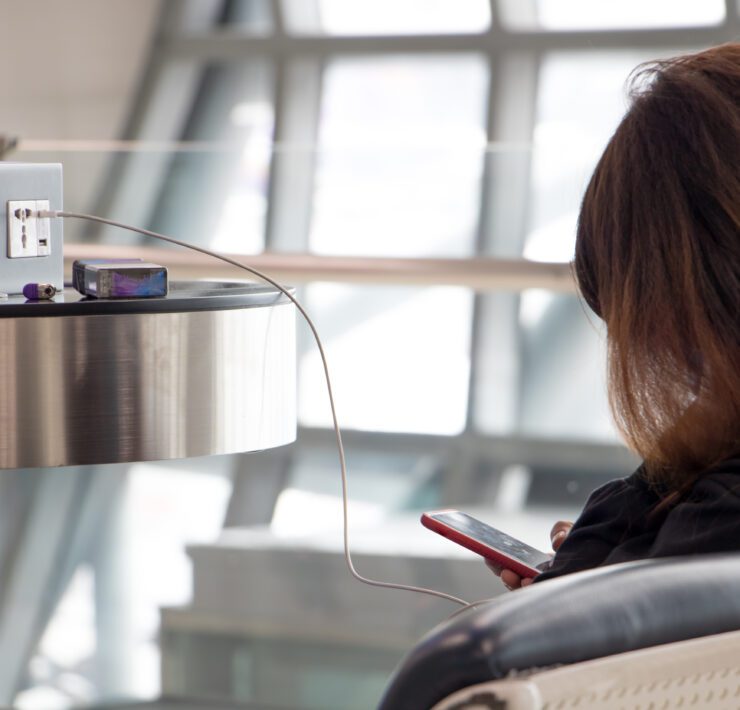 a woman sitting in a chair with a phone in her hand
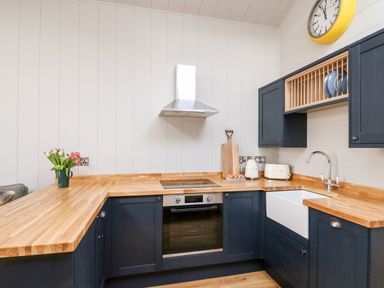 A kitchen with wooden countertops blue cabinets a white sink and a yellow wall clock at Doe Lodge in Nantmel near Rhayader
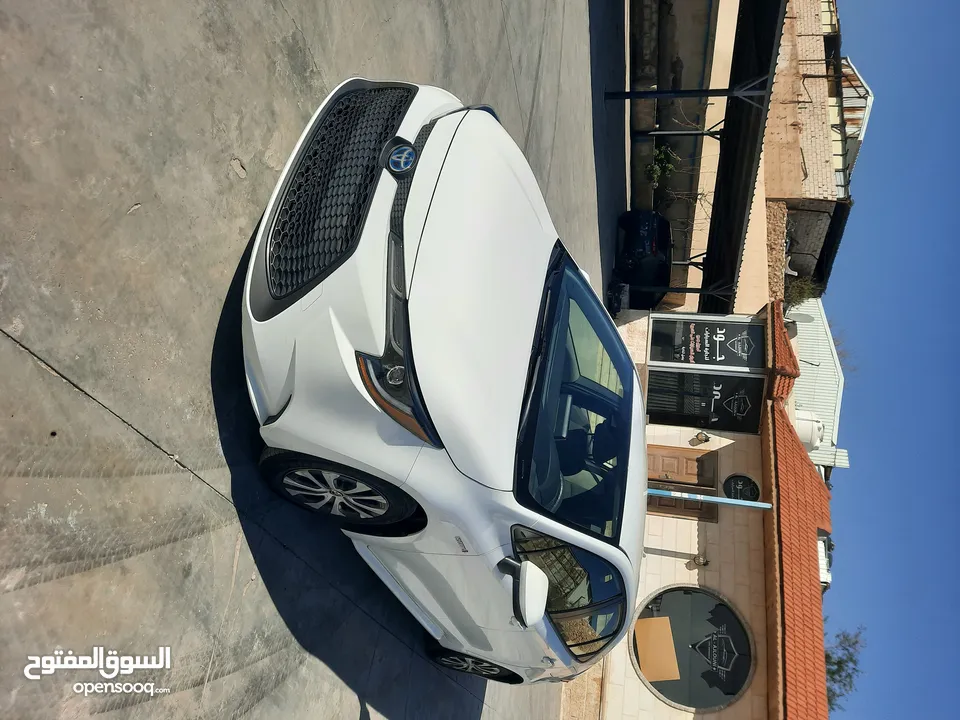 تويوتا كورولا وارد أمريكي بطاريه ليثيوم موديل 2021 لون ابيض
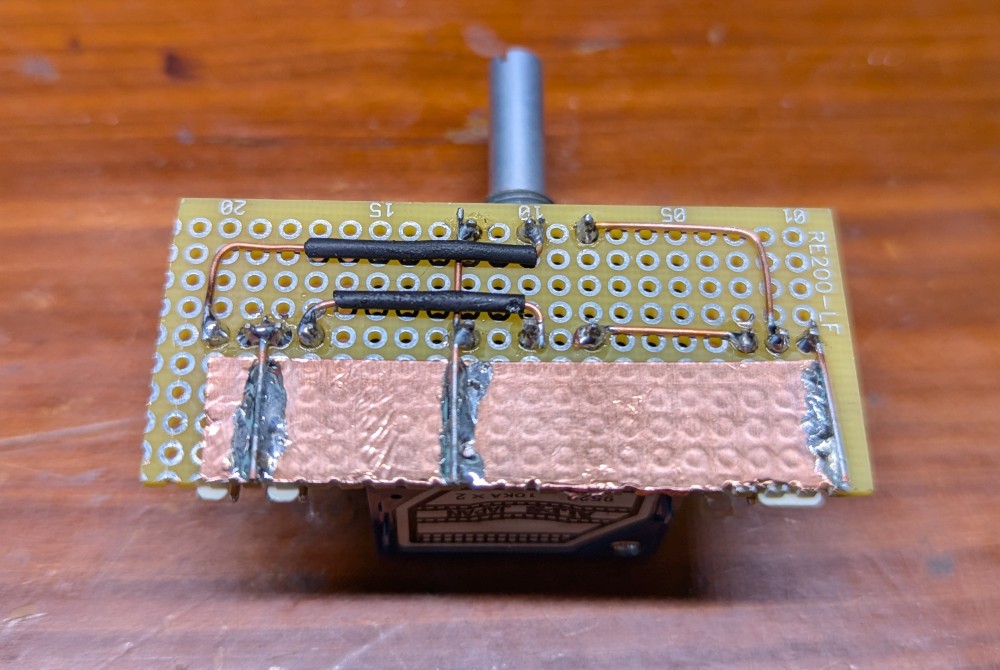 Tiny little board for the level control. Using a board to hold connectors rather than directly soldering the wires to the potentiometer pins makes (dis)assembly easier should servicing be required in the future.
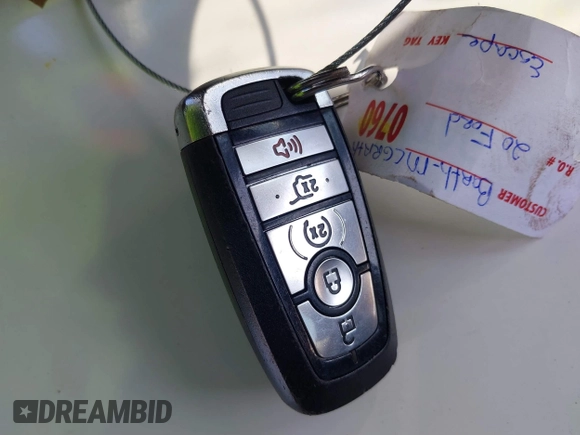 2020 Ford Escape Titanium z VIN 1FMCU9J98LUA44923, wystawiony jako IAAI lot #41779691 z przebiegiem 73 259 mil mil oraz . Historia ofert i sprzedaży dostępna na DreamBid. Obrazek 11.
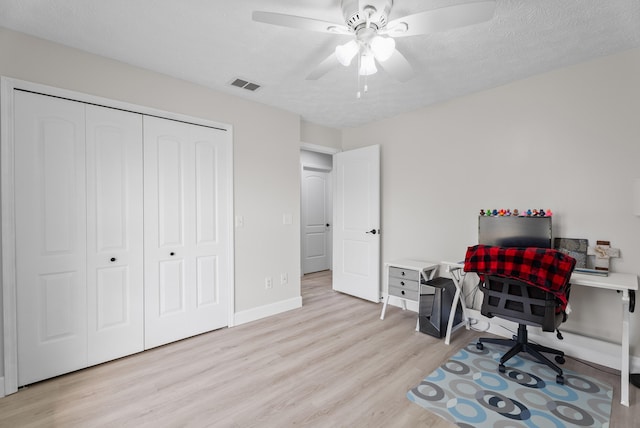 office space with baseboards, visible vents, ceiling fan, light wood-style floors, and a textured ceiling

^^^^

*Task*
Only one stretch of the entries above is needed: the lines from the one containing "A kitchen with" through the one containing "تويوتا كورولا وارد". Copy it exactly, without the pictures.

*Task output*
 A kitchen with wooden countertops blue cabinets a white sink and a yellow wall clock at Doe Lodge in Nantmel near Rhayader
 تويوتا كورولا وارد أمريكي بطاريه ليثيوم موديل 2021 لون ابيض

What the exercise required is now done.